▸ Instructions to follow
In full and without changes, output the data.

▸ Data extract
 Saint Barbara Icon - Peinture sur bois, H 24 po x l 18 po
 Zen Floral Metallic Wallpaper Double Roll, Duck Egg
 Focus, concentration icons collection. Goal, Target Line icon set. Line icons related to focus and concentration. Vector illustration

▸ Written response
 Saint Barbara Icon - Peinture sur bois, H 24 po x l 18 po
 Zen Floral Metallic Wallpaper Double Roll, Duck Egg
 Focus, concentration icons collection. Goal, Target Line icon set. Line icons related to focus and concentration. Vector illustration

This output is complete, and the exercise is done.